This change fixes a couple places where the pseudo probe intrinsic blocks optimizations because they are not naturally removable. To unblock those optimizations, the blocking pseudo probes are moved out of the original blocks and tagged dangling, instead of allowing pseudo probes to be literally removed. The reason is that when the original block is removed, we won't be able to sample it. Instead of assigning it a zero weight, moving all its pseudo probes into another block and marking them dangling should allow the counts inference a chance to assign them a more reasonable weight. We have not seen counts quality degradation from our experiments.
The optimizations being unblocked are:
- Removing conditional probes for if-converted branches. Conditional probes are tagged dangling when their homing branch arms are folded so that they will not be over-counted.
- Unblocking jump threading from removing empty blocks. Pseudo probe prevents jump threading from removing logically empty blocks that only has one unconditional jump instructions.
- Unblocking SimplifyCFG and MIR tail duplicate to thread empty blocks and blocks with redundant branch checks.
Since dangling probes are logically deleted, they should not consume any samples in LTO postLink. This can be achieved by setting their distribution factors to zero when dangled.
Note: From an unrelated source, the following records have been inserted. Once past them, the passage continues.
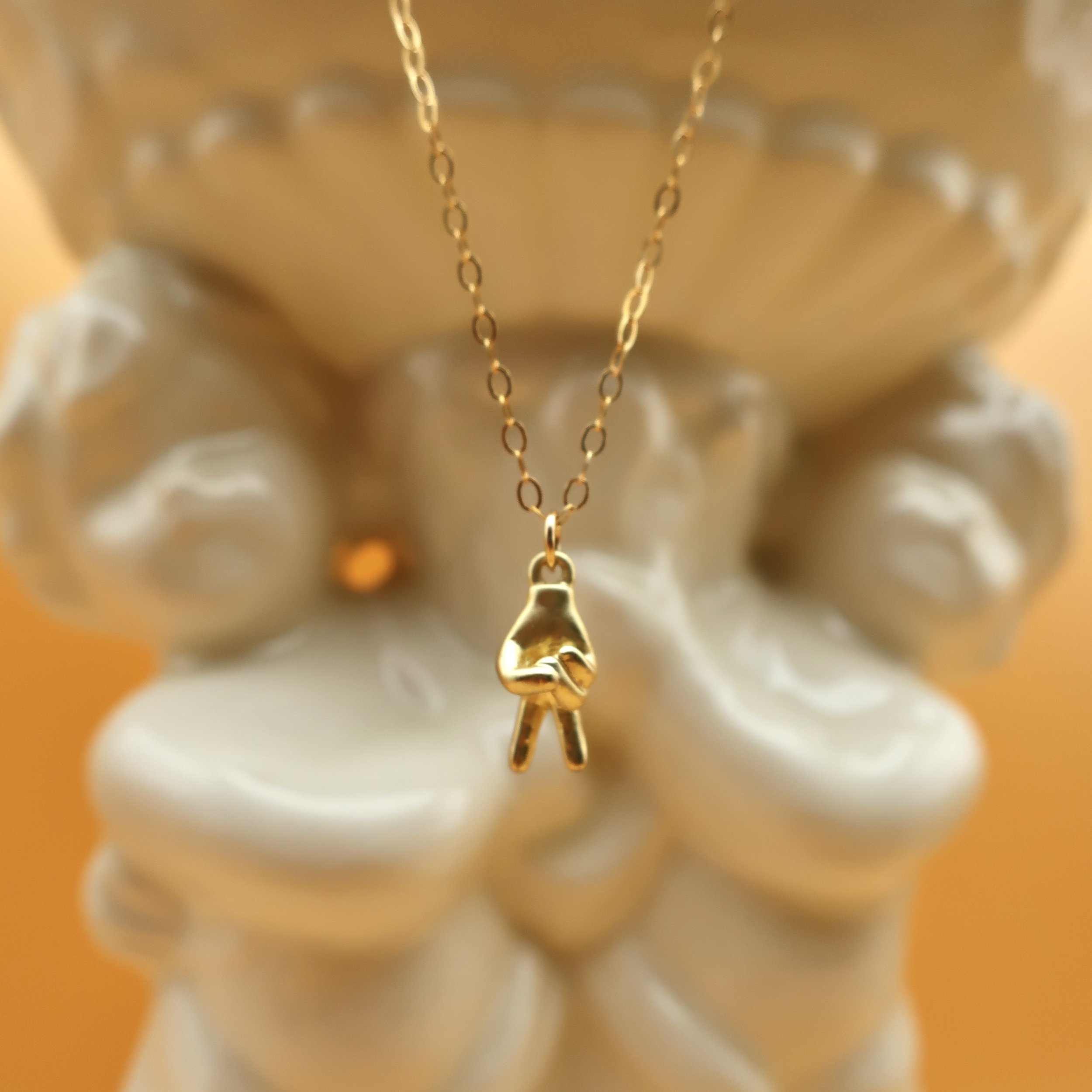 Peace Sign Necklace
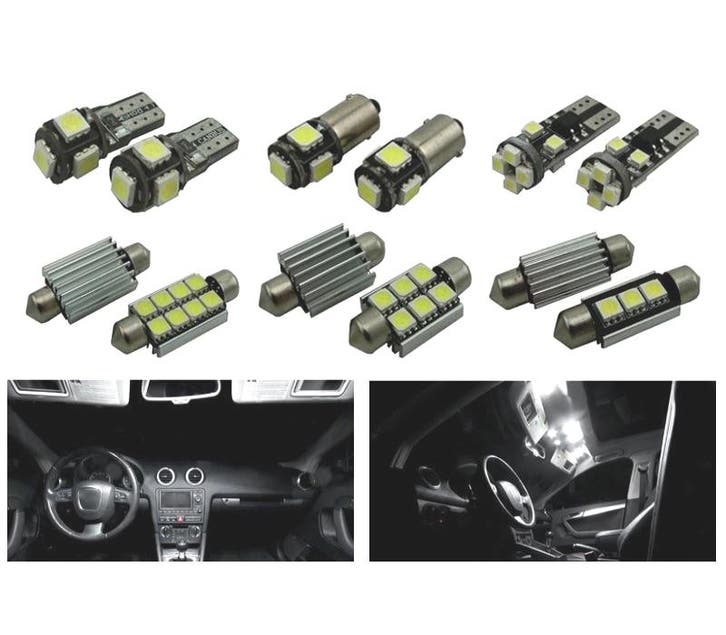 KIT 26 AMPOULES LED INTÉRIEUR POUR AUDI A3 S3 8L 96-03, Autos : Pièces & Accessoires, Éclairage, Envoi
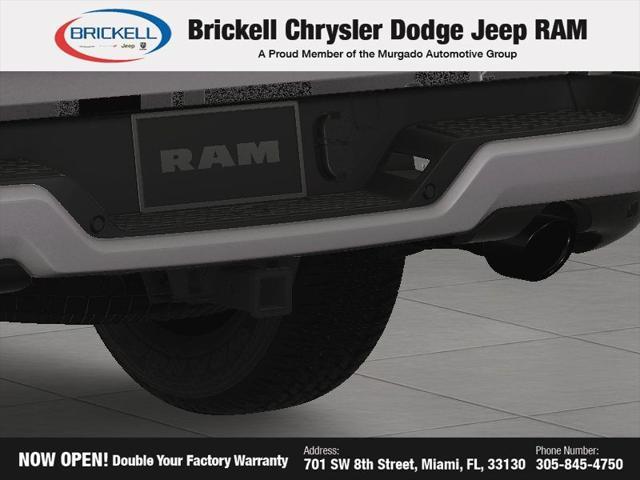 new 2025 Ram 1500 car, priced at $37,262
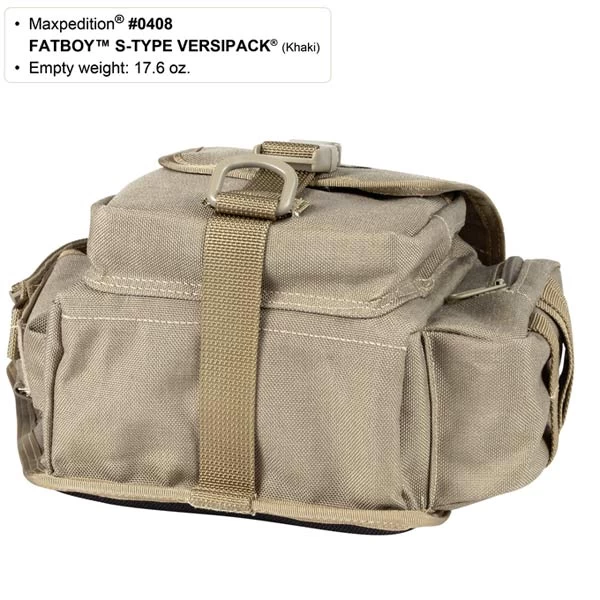 Maxpedition Fatboy Versipack S-Type WAS £84.95 7 Maxpedition Fatboy Versipack S-Type WAS £84.95 - Image 5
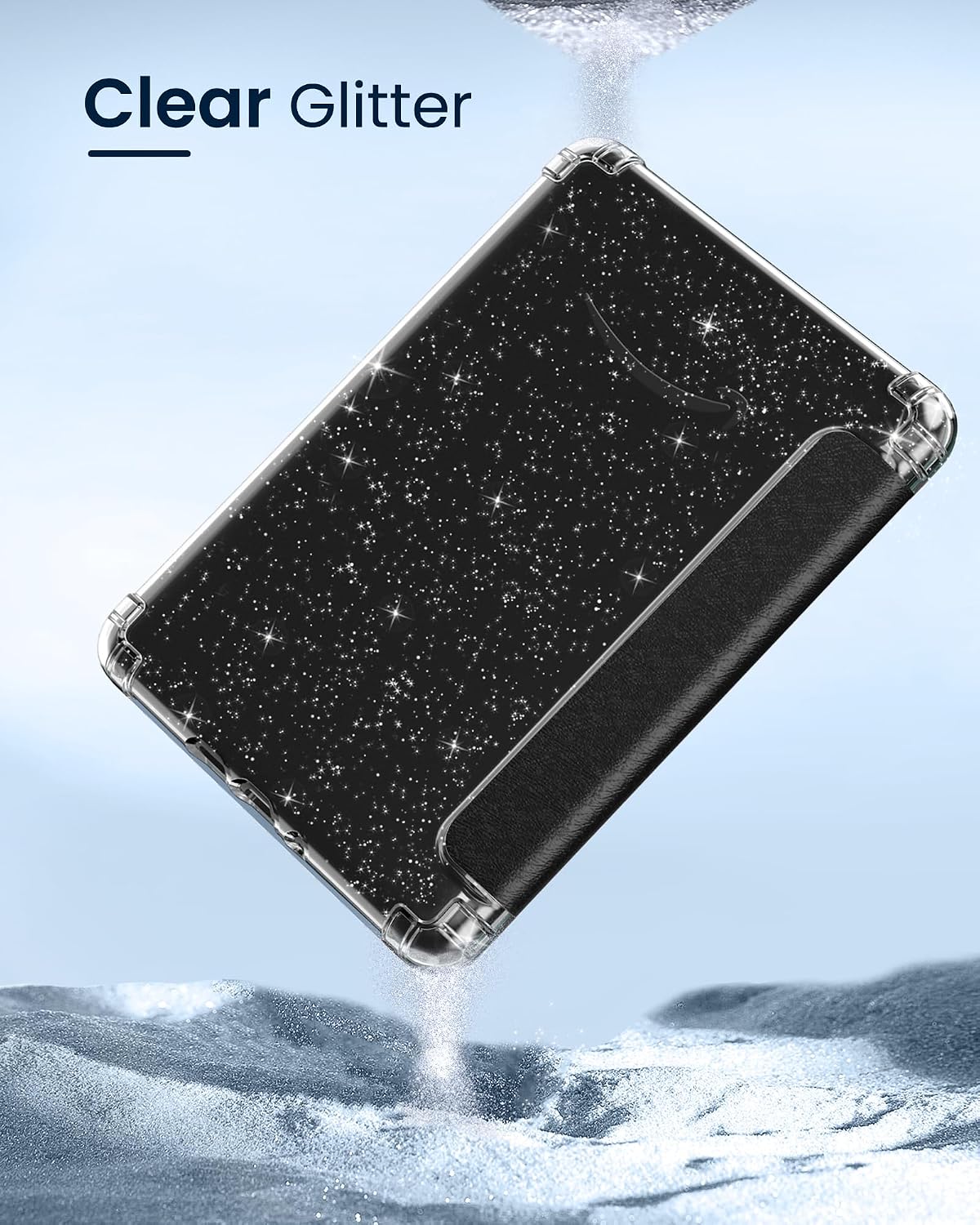 ESTUCHE MOKO PARA KINDLE PAPERWHITE 7' 12ª GEN Y COLORSOFT 2024 DISEÑO LINE FLOWER - 3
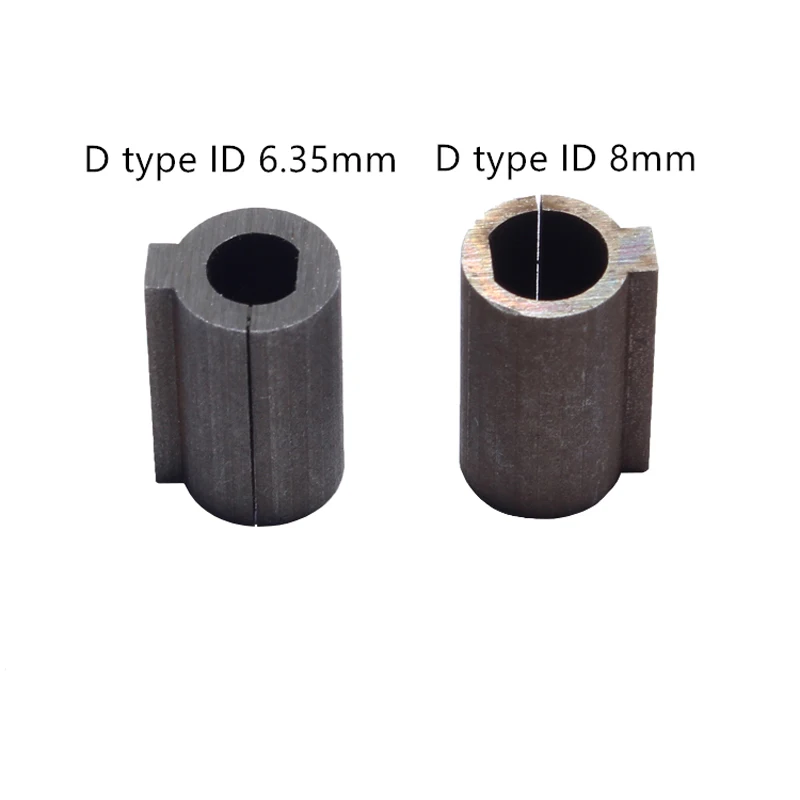 Nema23 Shaft Adaptor Sleeve 8mm 6.35mm to 11mm for RV30 NMRV030 Worm Reducer Assembled With Nema 23 Step Motor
It sounds like "SkipPseudoOp = true" is the more common cases and only certain cases will use the default value. It will lead to the confusion whether user should use the default value or not for now. I know you mentioned you would flip the default value in the future. If you think user is better to choose "SkipPseudoOp = true" in common cases, it may be good to suggest that in the front and add a TODO for flipping the default value.